Our first stop on the agenda was the Ziwa Rhino Sanctuary. There are no native rhinos in Uganda so they created this park where they now have 16 rhinos. We were all pretty excited and as soon as we got there, we paid our entrance fee and off we went to find some rhinos. We drove about 3-4 miles, then our park guide and us got out to go on a walk. The grass was pretty tall but not too thick, and little wet because it had rained overnight. We walked maybe a mile and there he was—- the male Rhino! He was huge!! We were so excited to see him and took a ton of pictures. Our park guide told us about the rhinos and where they came from. One of the rhinos came from Kenya and another was donated by Animal Kingdom in the US- they had a baby and named it Obama, which made us and the Park Ranger laugh. They take pride in having these rhinos in their country and the fact that their survival depends on keeping them safe and healthy.

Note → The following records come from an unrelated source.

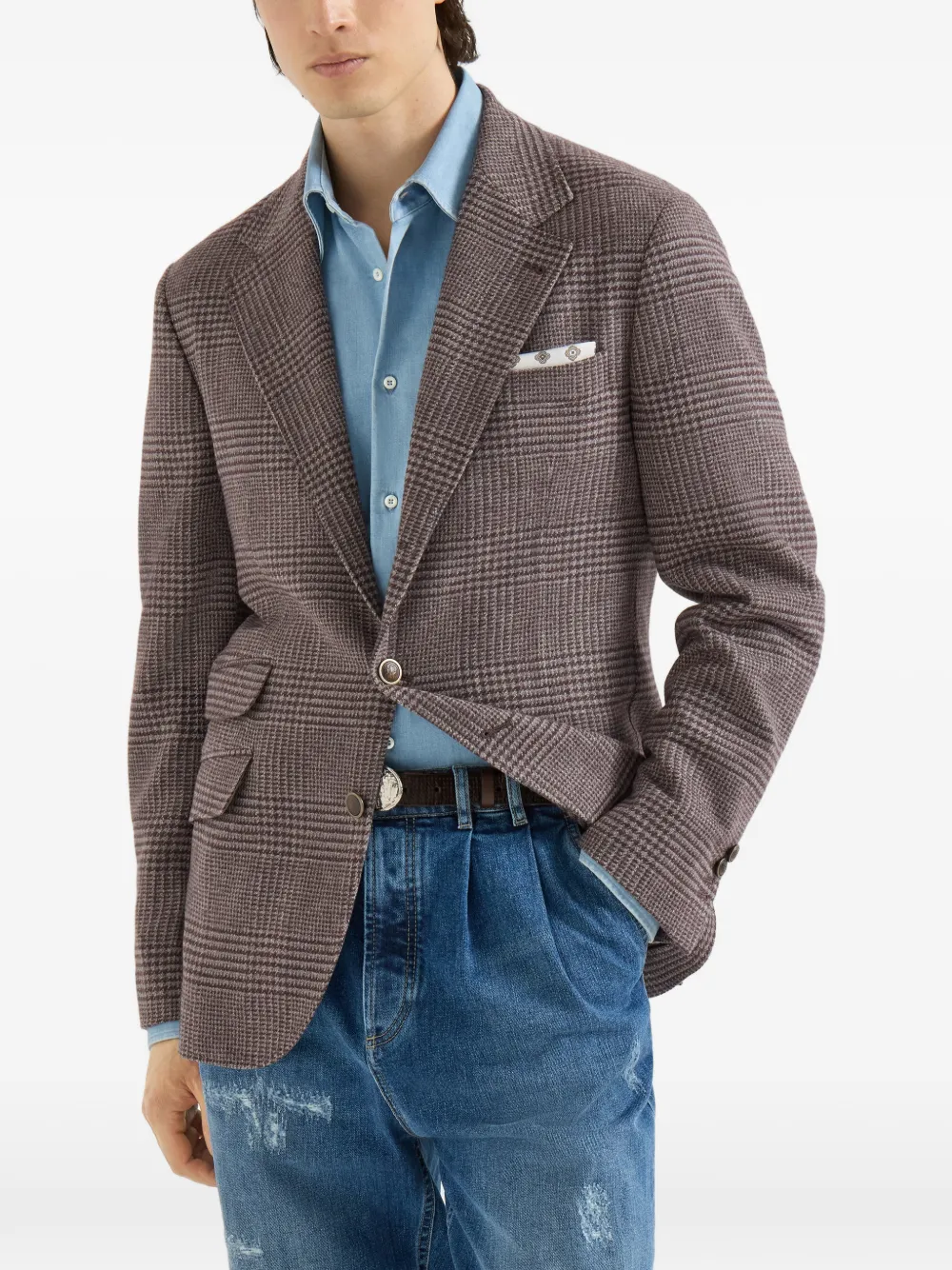 Brunello Cucinelli Prince of Wales Cavallo gedeconstrueerde flanellen blazer van wol en kasjmier Bruin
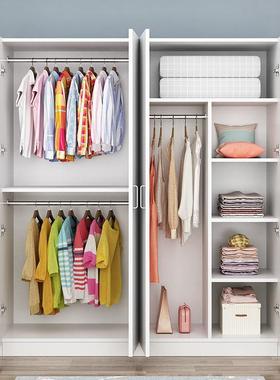 家LON用大衣柜现代经济型木质板式房室出租简卧易收纳儿实童组装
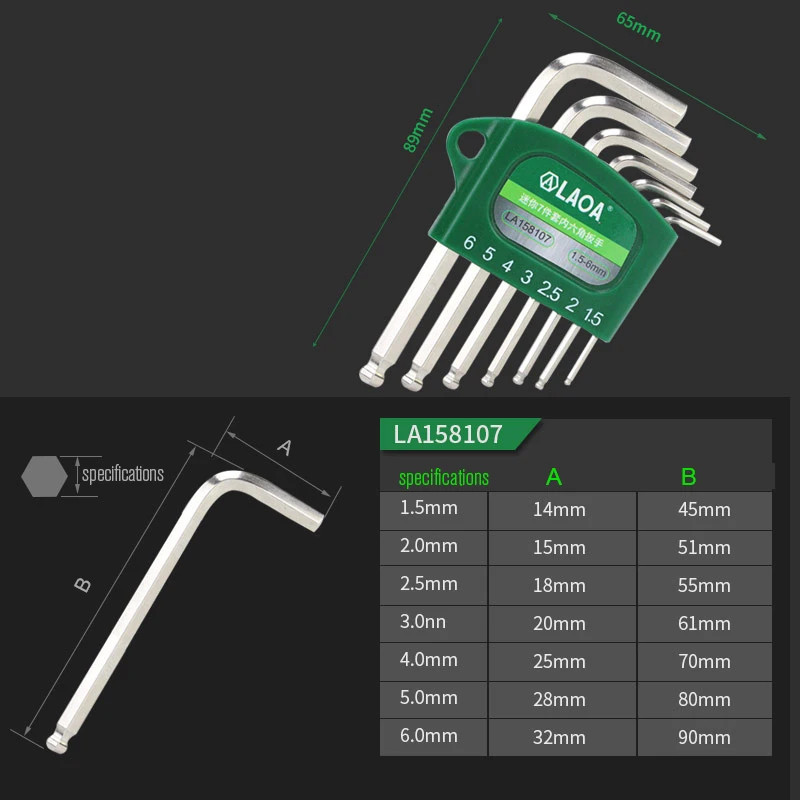 S2 Alloy Steel Mini Hex Wrench Small Miniature 0.7/0.9/1.3/1.5/2/2.5/3Mm Spanner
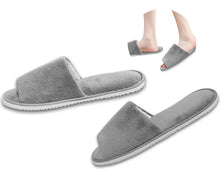 Fineget Spa Fluffy Slippers for Guests Men Women Travel Indoor House Non-Disposable Hotel Hospital Open Toe Pedicure Coral Velvet Breathable Grey Slippers 4 Pairs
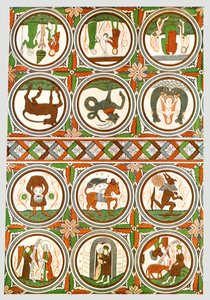 Decoration in Stora Råda Old Church, Västra Götaland, Sweden, 1928. av Unbekannt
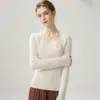 Nuevo Suéter de Cachemir Otoño/Invierno 2026 Cuello Cuadrado Elegante Suéter Base de Cachemir Top Elegante de Corte Ajustado para Mujer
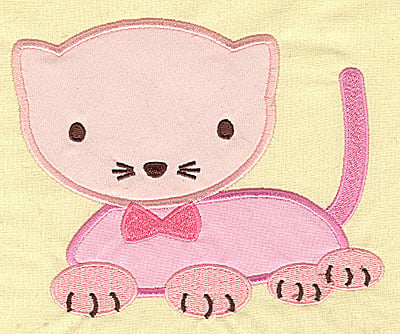 Embroidery Design: Pink Kitty appliques<br> 5.77w X 4.74h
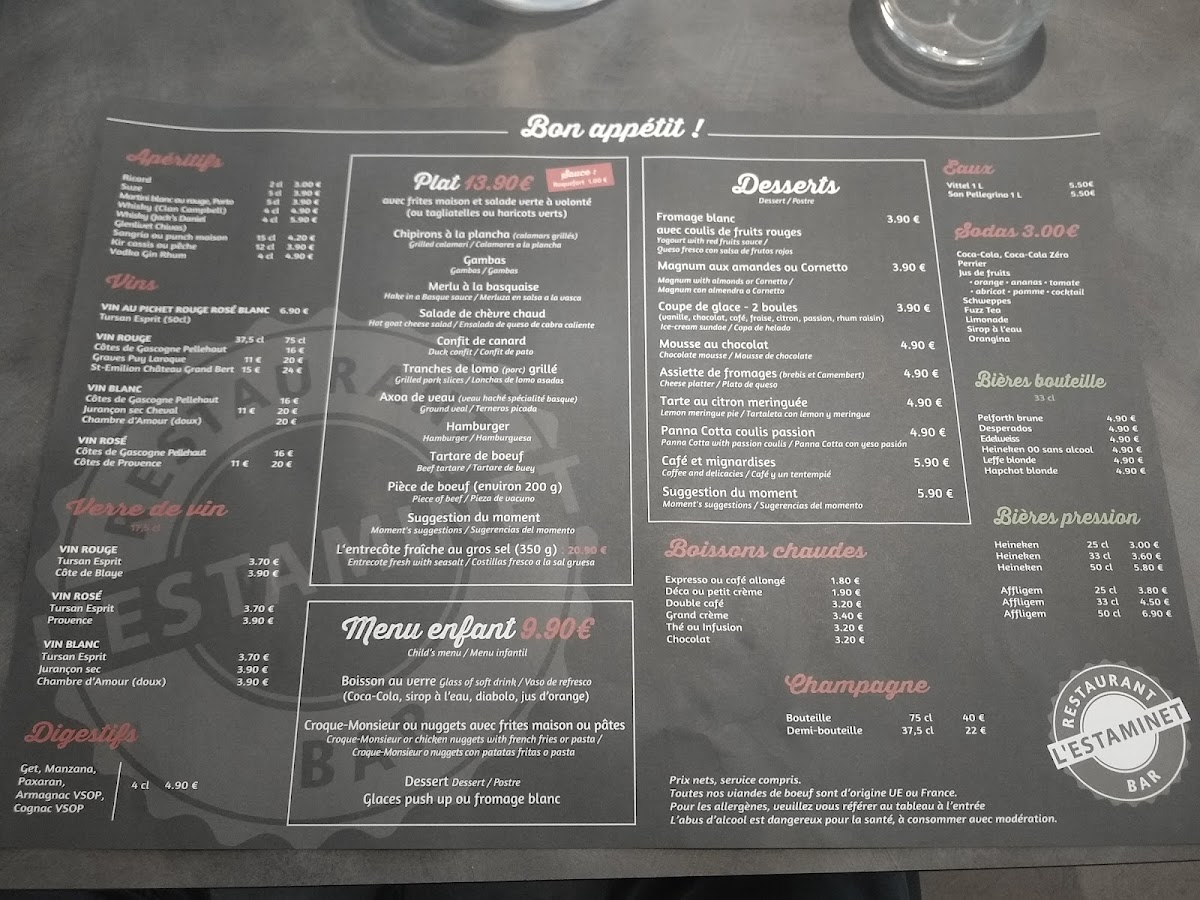 Menu L'estaminet - Restaurant Bar-5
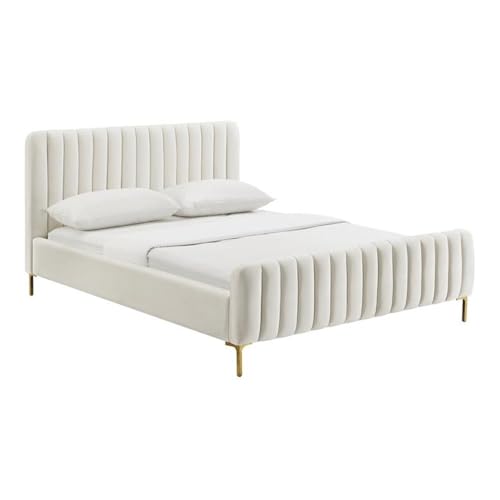 Tov Furniture Angela Velvet Bed in Full (Cream)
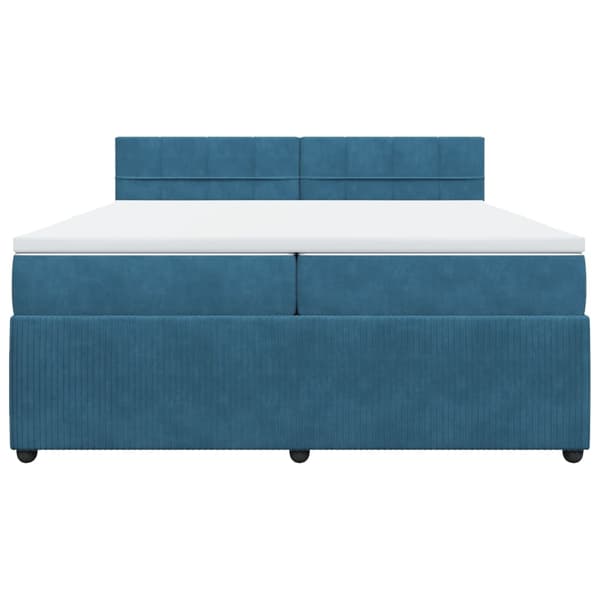 vidaXL Ramsäng med madrass blå 200x200 cm sammet Blå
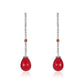Tear Drop Red Coral, Sapphire & Diamond Earring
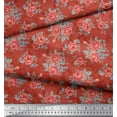 thumbnail image 2 of Soimoi Tissu Satin Soie Feuilles & Roses Imprimé Floral 1 Yard 42 Pouces de Large, 2 of 3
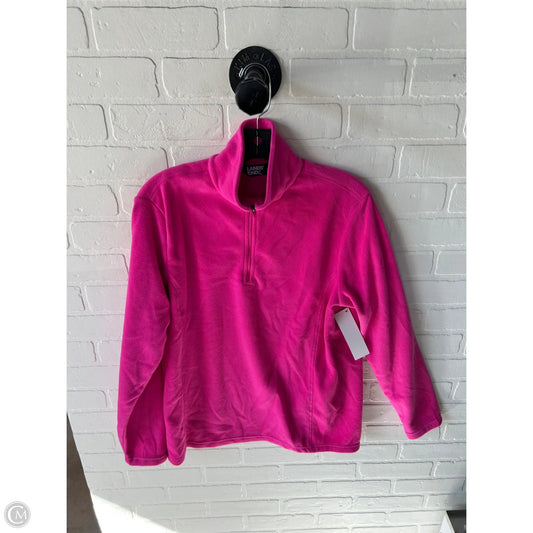 Jacket Fleece By Lands End In Pink, Size: M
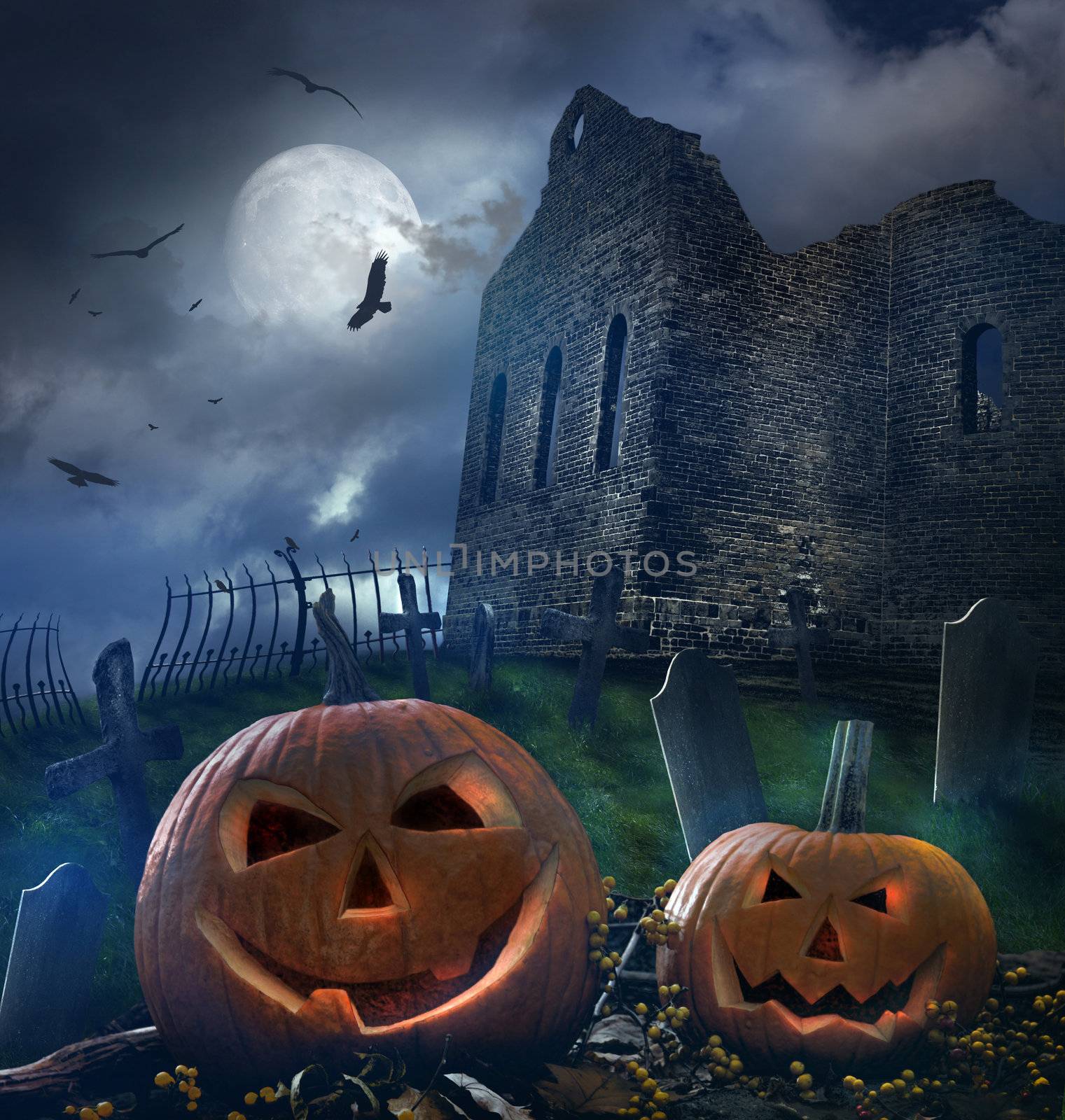 Pumpkins in graveyard with church ruins by Sandralise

We continued our walk and found a mommy and baby. He estimated the baby was 3 -4 months old. With these two rhinos were 2 Park Rangers that were following the pair. They watch them 12hrs a day to make sure they are safe from poachers. Even though there is a fence around the park, you can never be too safe. We spent about an hour with the pair and at one point the large male joined the mom and baby. Rhinos don’t typically hang out with a female and her baby so the male was off on his own rather fast. The baby actually charged at us and was about 25 yards away when he stopped and ran back to his mommy with a playful bounce. The male rhinos horn had been cut of by the park rangers to prevent fighting. It will grow back in 2-3 yrs. Also, rhinos have bad eye sight and good hearing, plus they drink 60-70 liters of water a day- holy hydration!! It was worth the stop- rhinos are just chubby unicorns!
We stopped and got some lunch at a restaurant along the way. I had a BLT and French fries with Heinz ketchup! YAY Heinz! We also stopped and got some roasted plantains and a root vegetable called cassava, which tasted like mashed potatoes. Pretty tasty but definatly needed some butter.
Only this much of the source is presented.